# crank pulley removal



## cossie0_4 (Dec 25, 2008)

need to change the cambelt on my r32gtr and been reading about people using a puller for the crank pulley has anybody got a picture of the 1 i will need to buy cheers


----------



## frostmotorsport (Aug 10, 2007)

i made this late one night....










worked a charm!!


----------



## MartinC (Jan 1, 2006)

thats the right type, don't get one that grips the outside of the pulley because it will break it and make it unbalanced.

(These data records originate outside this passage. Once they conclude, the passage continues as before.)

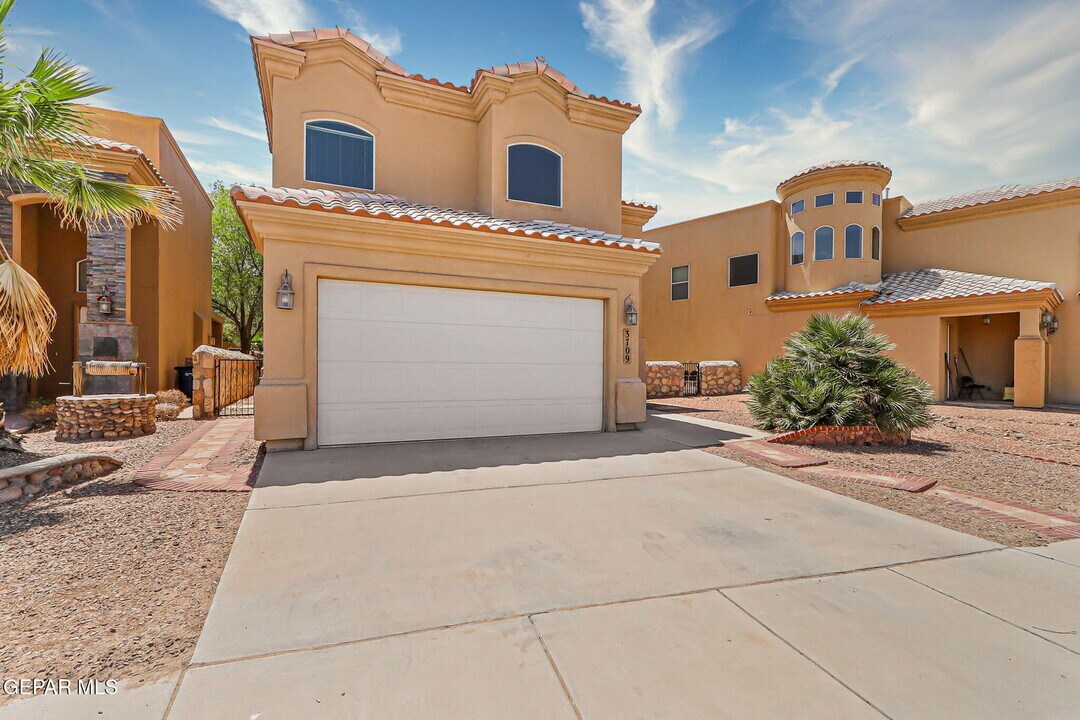 3709 Depalm Island Pl in El Paso, TX - Building Photo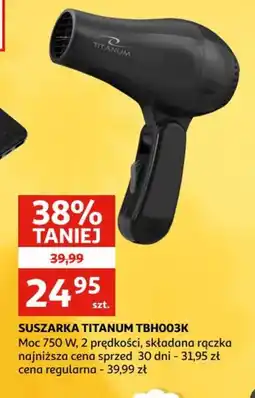 Auchan Suszarka Titanium TBH003K oferta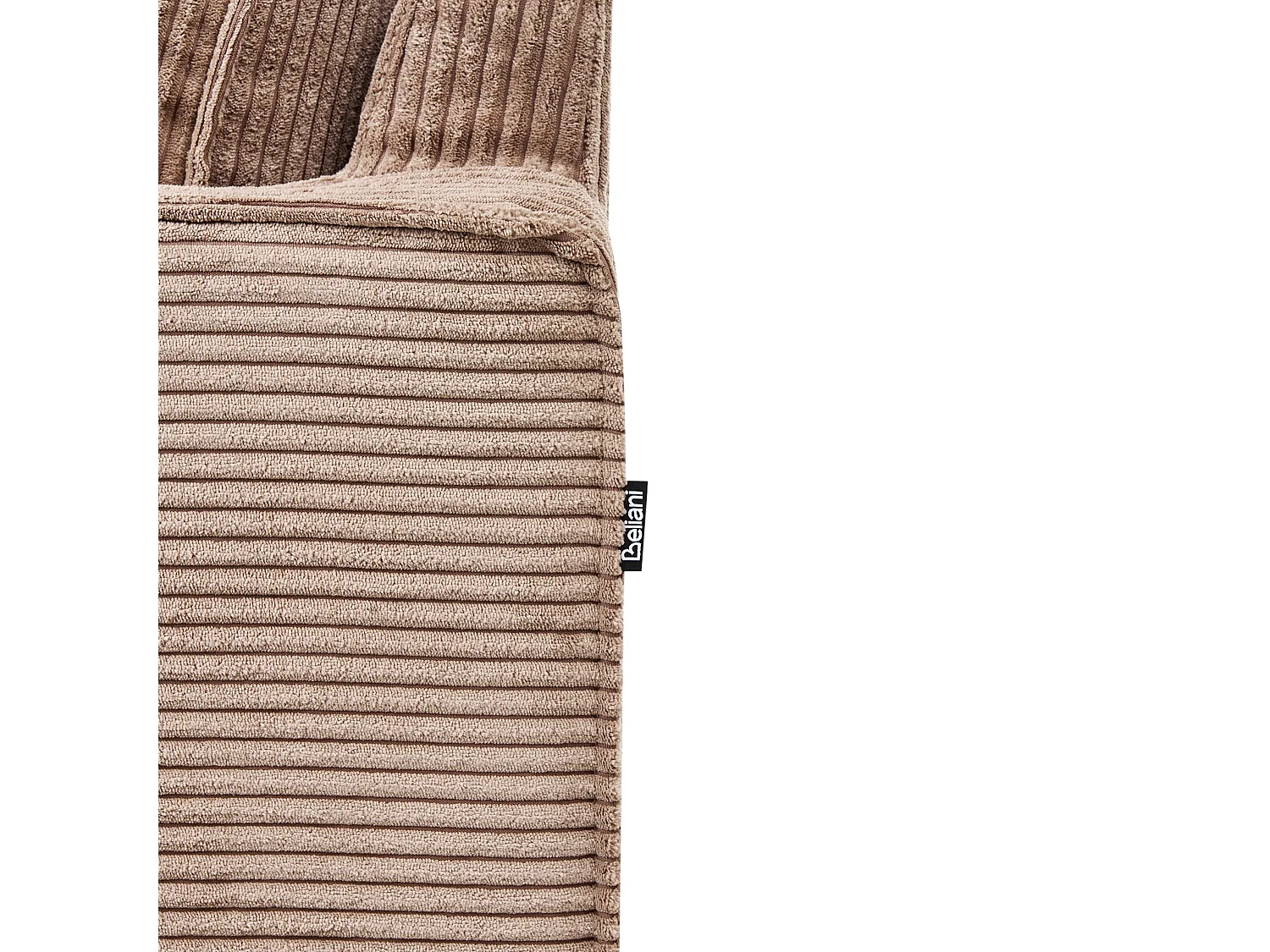 Poltrona VIND Velluto a coste Beige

It needs to have the 2 bolts each side and not 'claws'


----------



## frostmotorsport (Aug 10, 2007)

hehe, sure it's not the _best_ quality work I've ever done!!! but it was late one Thursday night and I wanted that damn pulley off!! Note the "top" nut that has a free-wheeling washer, allowing the "assembly" to turn independant of the bolt, thus not scoring the centre of the pulley.... engineering genius!


----------



## David (Apr 25, 2003)

I used a standard puller, but the hardest bit of the change I did was getting the front pulley bolt undone. In the end I needed to heat it up and use a 3/4 " impact gun.


----------



## cossie0_4 (Dec 25, 2008)

woul not be able to make 1 is there i that i could buy and do you know where from cheers


----------



## David (Apr 25, 2003)

The one I used came from halfords


----------



## cossie0_4 (Dec 25, 2008)

i dont supose you have a picture of it as there is quite a few different ones cheers


----------